Der auf das Wohl seiner Landsleute bedachte Herr Baldwin fährt fort, ihnen nach wohlbedachten Pausen ein moralisches Anregungsmittel nach dem andern zu verabfolgen, und in dem gleichen Sinn hat er in seiner letzten bemerkenswerten Rede an die Studenten der Universität Edinburgh (am 6. November 1925) eine Äußerung getan, die in angenehmem Gegensatz stand zu einer anderen Rektoratsrede an die Jugend, die vor einem Jahr oder mehr in Schottland gehalten wurde. "Mit dem Krieg und mit den Vorbereitungen zum Krieg," sagte er, "beginnt das diplomatische Intrigenspiel, beginnt der Verfall der Moralbegriffe, beginnen Ferien für die Wahrheit und Feiertage für den Zynismus. Im Wettstreit der internationalen Gegensätze hat man die Vaterlandsliebe als die unerläßliche Tugend des Staatsmannes über die Wahrheit gesetzt."

Die alles verändernde Zeit scheint bisher weder die Neigung der Patrioten niederer Denkungsart zur Unwahrhaftigkeit noch die Leichtgläubigkeit der gedankenlosen Masse der Menschheit eingeschränkt zu haben. Die durch den Krieg verursachte Propaganda beweist das in schlagender Weise. Jede der großen kriegführenden [8] Nationen hatte vielfach unter Verleumdungen und unter der Verdrehung von Tatsachen zu leiden, und doch kann man mit großer Wahrscheinlichkeit behaupten, daß sie im allgemeinen nur das ernteten, was sie gesät hatten. [Scriptorium merkt an: falsch übersetzt. Sinngemäß heißt die Stelle im Original, "...behaupten, daß sie es im allgemeinen mit gleicher Münze heimzahlten".]

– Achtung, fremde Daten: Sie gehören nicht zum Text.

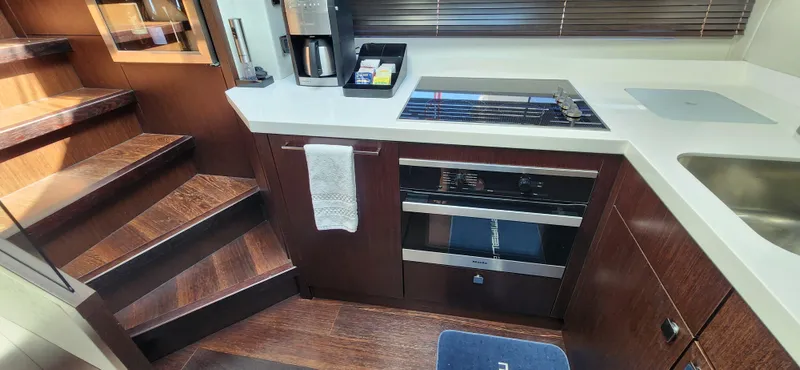 Slide: The Image of Sunseeker Predator 74 XPS 2020 - 50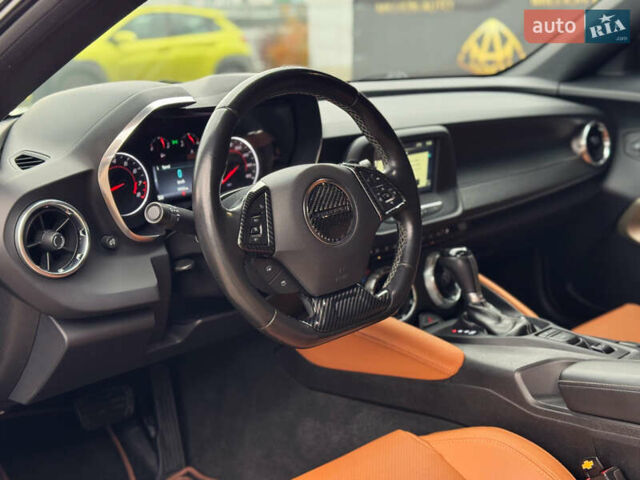 Черный Шевроле Камаро, объемом двигателя 3.6 л и пробегом 200 тыс. км за 16500 $, фото 9 на Automoto.ua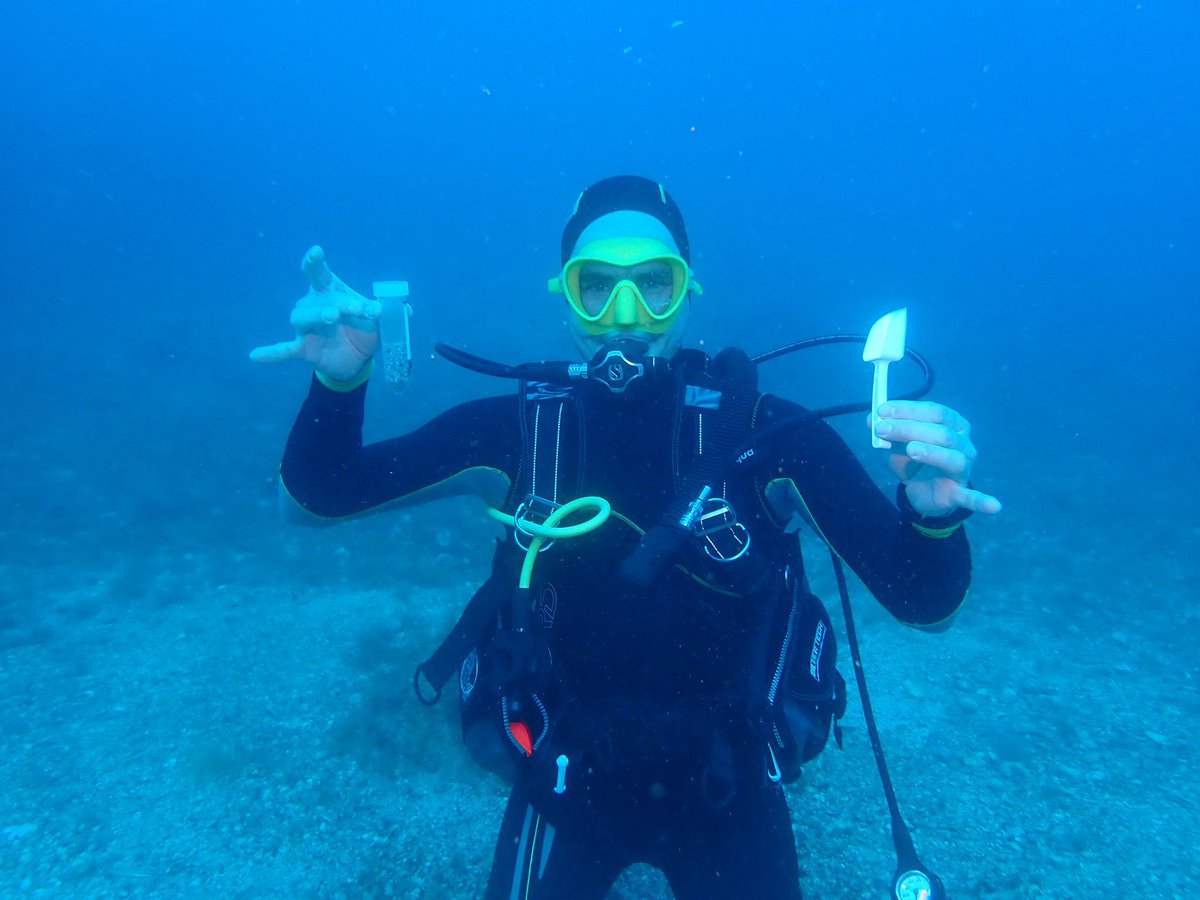 iMARES_group's tweet image. Last week we sampled in Cap de Creus to test #eDNA on fish and invertebrate communities 🧬🐟. This technique detects species from their genetic traces in the water—no need to capture them. The work is part of the EU projects #GES4SEAS and #PETRIFY 🌍
@ICMCSIC
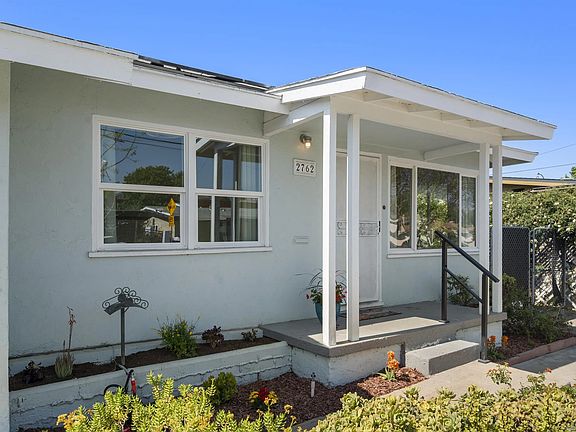 4th image of 2762 Ridge View Dr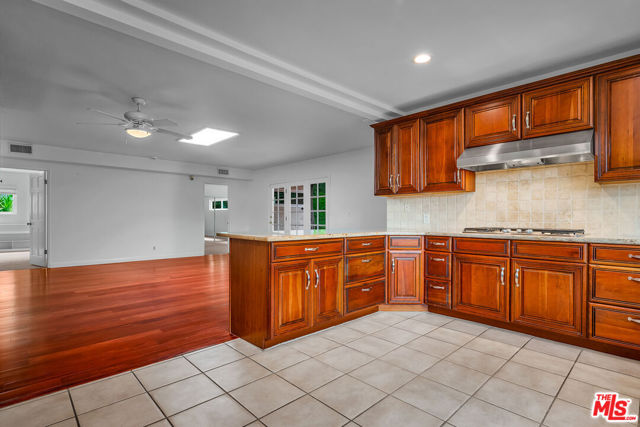 2925 Dona Susana Drive, Studio City CA: https://media.crmls.org/mediaz/ba9acc46-9b61-49f8-bba9-4b2210343c54.jpg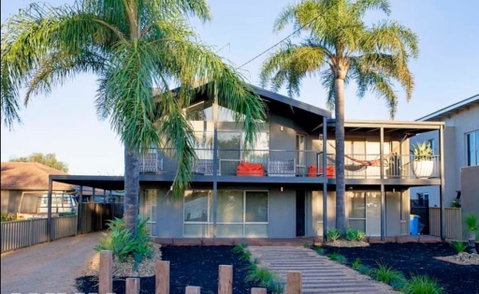 Paradise Waters - Yarrawonga - Tourism Noosa 3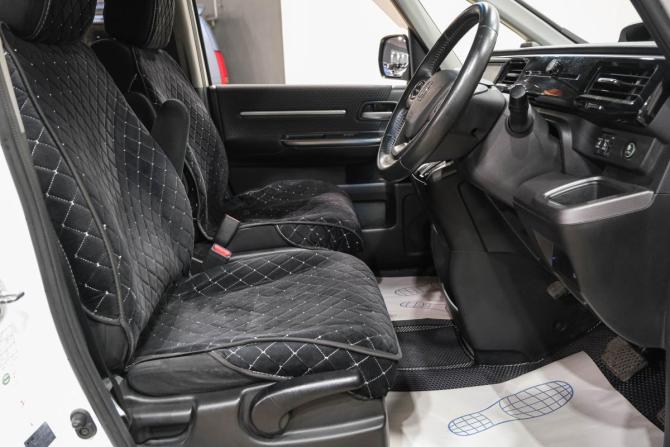 Honda Stepwgn V с пробегом 2015 года, цена 1 969 000 рублей, 131800 км, минивэн, Автокод Объявления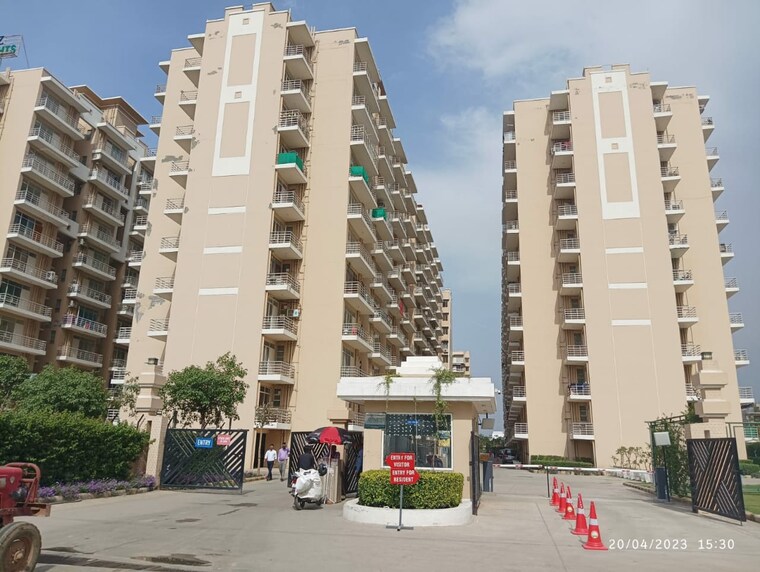 Exterior View, breez-global-heights 1 Bedroom 394 Sq.Ft. Apartment In Sohna Sector 33 Gurgaon 8359346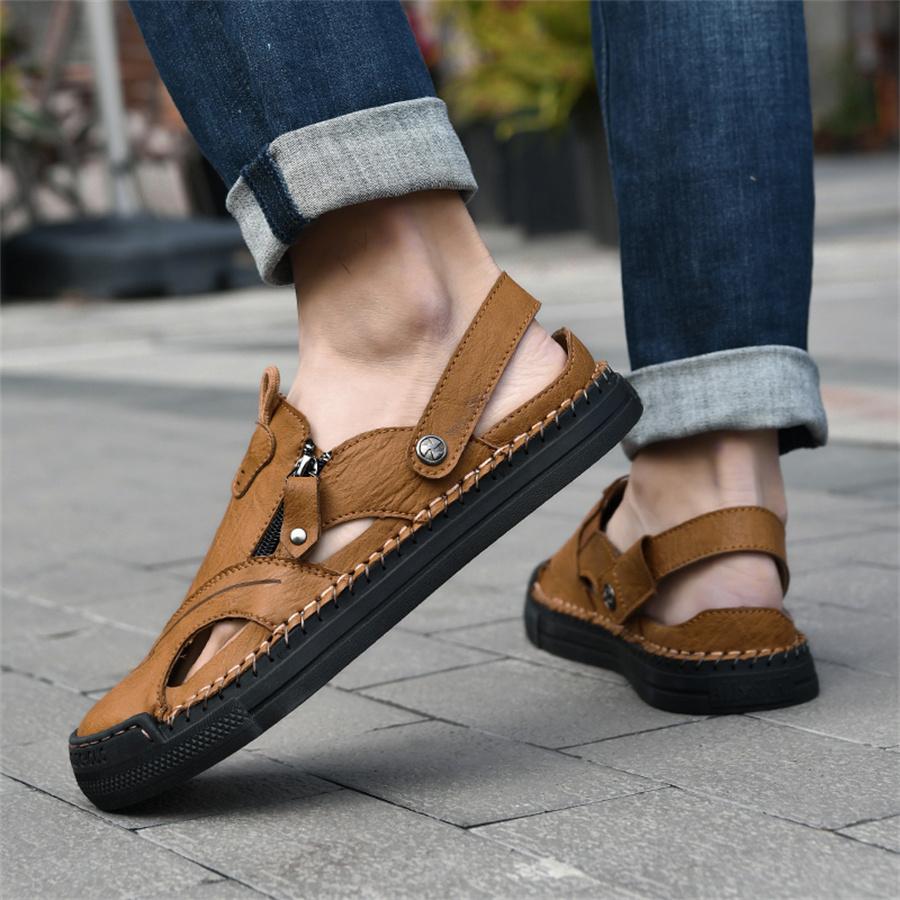 Fashion Outdoor Walking Sandals for Men Non-Slip Loafers Leather Mens Sandals Hollow Out Man Beach Flats Anti-collision Toe Summer Shoes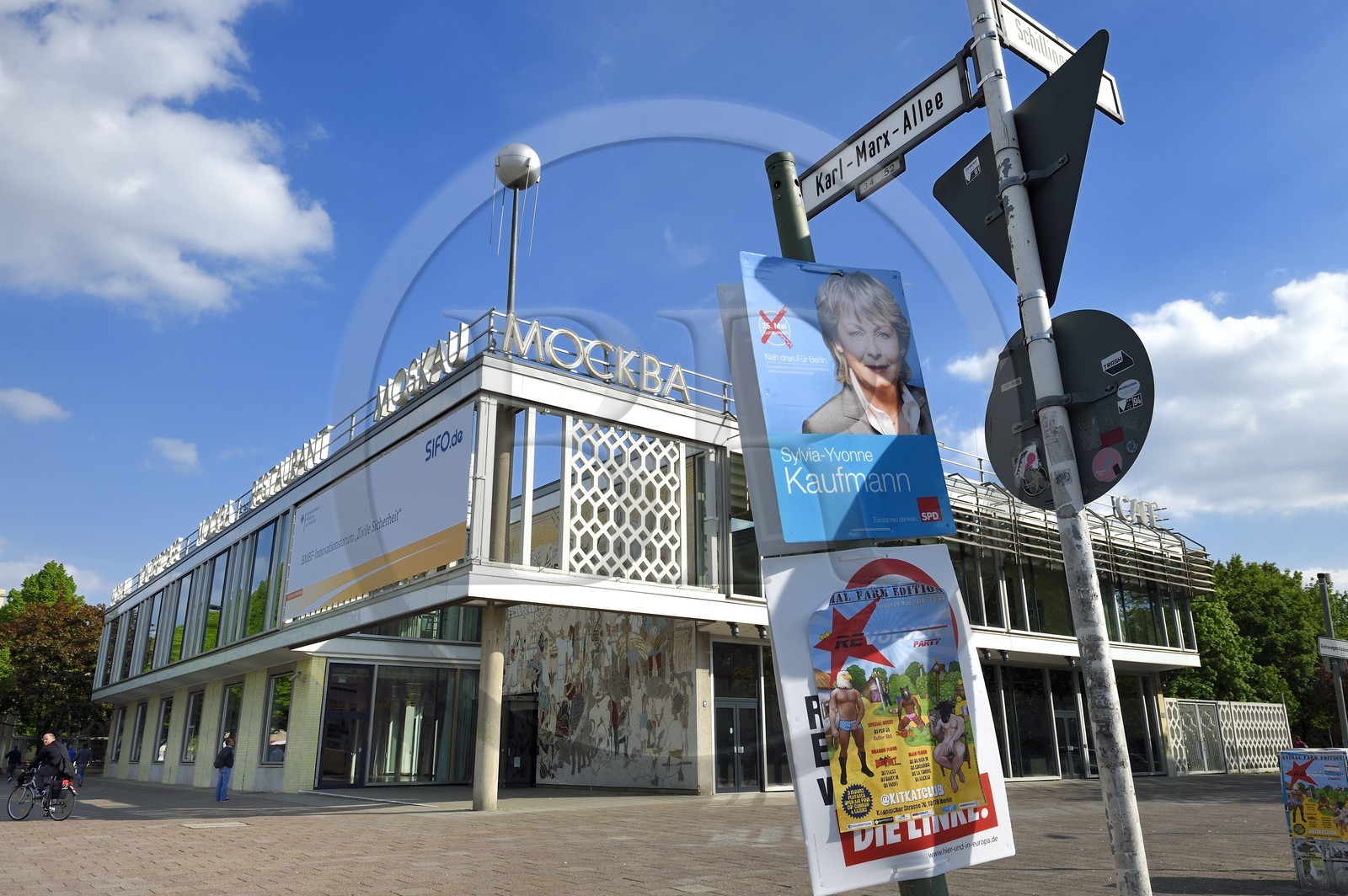 Allemagne, Berlin, la Karl-Marx Allee est la plus grande artère du pays menant d'Alexanderplatz à Frankfurter Tor et le régime communiste y faisait défiler son armée chaque année, le Café Moskau (Café Moscou)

Das Buch, zu welchem ich ein Vorwort für die englisch sprechenden Leser zu schreiben gebeten worden bin, behandelt eine Seite dieser Propagandatätigkeit. Obgleich heute wenig mehr als eine Erinnerung, leben ihre schädlichen Wirkungen doch noch fort, und die schlimmste Wirkung besteht darin, daß sie ein schlimmes Kolonialproblem hervorgerufen hat, wie es keinesfalls in seiner jetzigen Gestalt weiter bestehen bleiben kann. Daher ist es der Zweck der nachfolgenden Darstellung, zu zeigen, wodurch Deutschlands Ruf und Erfolg als Kolonialmacht ungerechtermaßen angezweifelt worden sind, und die Gründe anzugeben, weshalb die Rückgabe der Kolonien an Deutschland nicht nur ein Akt der Pflicht, sondern auch der Zweckmäßigkeit ist.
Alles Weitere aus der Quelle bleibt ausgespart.